To its credit, Pakistan couldn’t care less. However, there were Indians who consoled themselves with the prize that Rishi Sunak’s grandfather was “born in Gujranwala in Pakistan”, forget the fact that in 1935 there was no Pakistan on the planet to throw a no-ball to. Pakistanis came to play the gentleman’s game as a nation only after 1947.
Coming back to the present, from 2 pm GMT, which is 6.30 pm IST, on October 24, the cow-loving British Hindu, Rishi Sunak, with youth on his side like Hindu monk Yogi Adityanath, won the Tory nod to become the next British Prime Minister. And India split vertical thanks to two Congress leaders who should have been clocking ‘Bharat Jodo Yatra’ miles instead of nursing the lament “Muslim PM, when?”

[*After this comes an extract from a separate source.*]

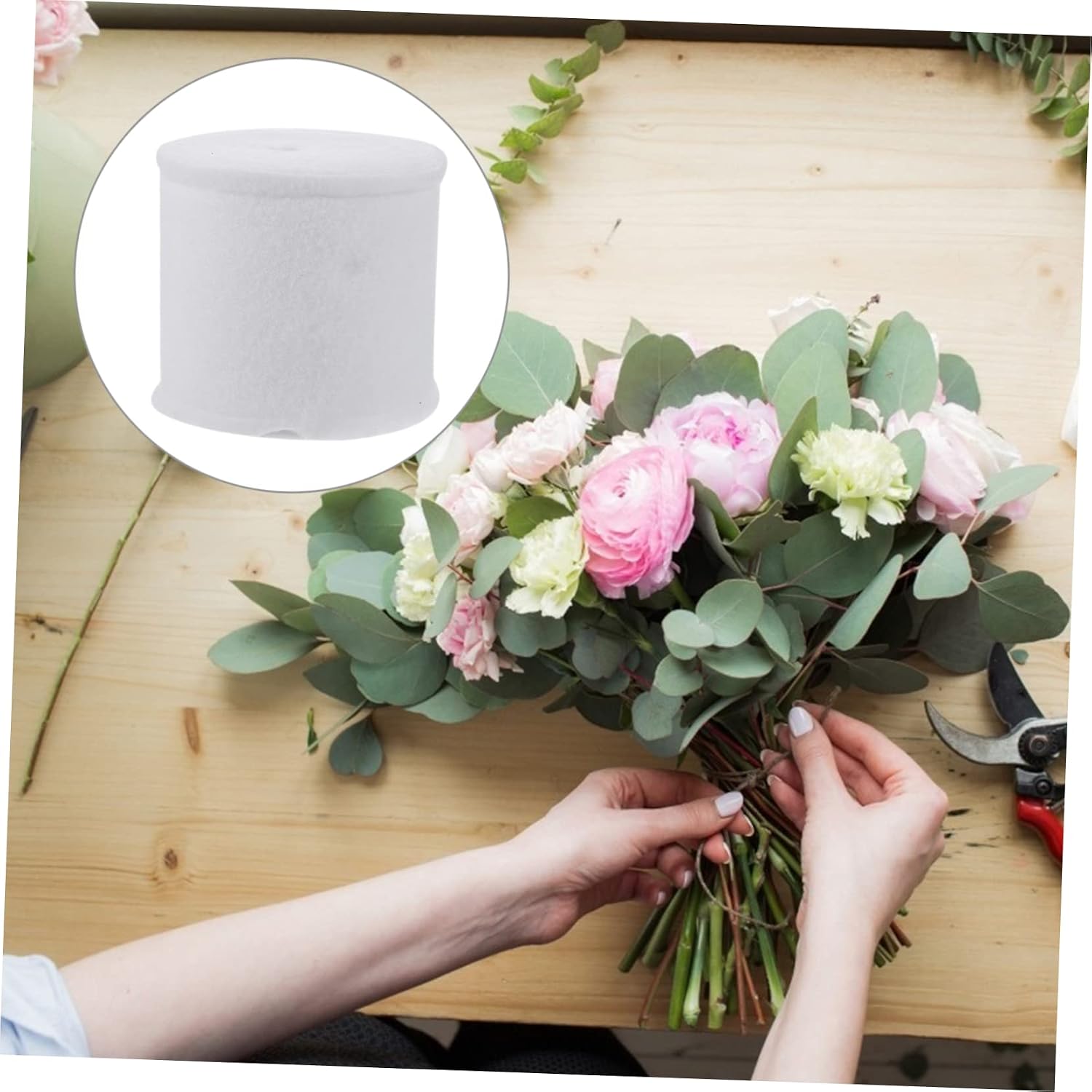 Toyvian 1roll Bouquet Water Retaining Flower Preservation Material for Floral Arrangement Breathable and Moisturizing Cotton for Bouquet Packaging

Shashi Tharoor and P Chidambaram, their disappointment writ large at India missing the train to make a Muslim India’s Prime Minister! Tharoor was first off the block. “I think all of us will have to acknowledge that the Brits have done something very rare in the world, to place a member of a visible minority in the most powerful office….let’s honestly ask: can it happen here?”
And P Chidambaram noted “First Kamala Harris, now Rishi Sunak. The people of the U.S. and the U.K have embraced the non-majority citizens….and elected them to high office in government. I think there is a lesson to (be) learned by India and the parties that practice majoritarianism.”
Within half an hour of Rishi Sunak’s “ascent to high office”, hashtags #HinduPM and #MuslimPM were trending. For the BJP, Tharoor and Chidambaram were godsend. The two Congress stalwarts, one of them a veteran to boot, gave the BJP an issue to counter Rahul Gandhi’s cross-country unifying talisman, the ‘Bharat Jodo Yatra’, with.
Halfway through Bharat Jodo Yatra, the Congress succeeded in dividing Indians with a call for a “minority/Muslim PM”. Tharoor and Chidambaram triumphed in giving the impression the Congress was disappointed by the “Hindu Sunak’s ascent” to the highest office in the UK, and Tharoor’s “visible minority” reference took on a specific meaning.
“Aren’t Sikhs a visible minority?” Dr. Manmohan Singh was Prime Minister, not once but for two terms. Which ‘visible minority’ was Tharoor talking of? Were Sikhs too few to be visible? Ditto Buddhist, Jain, Parsi, and the Christian?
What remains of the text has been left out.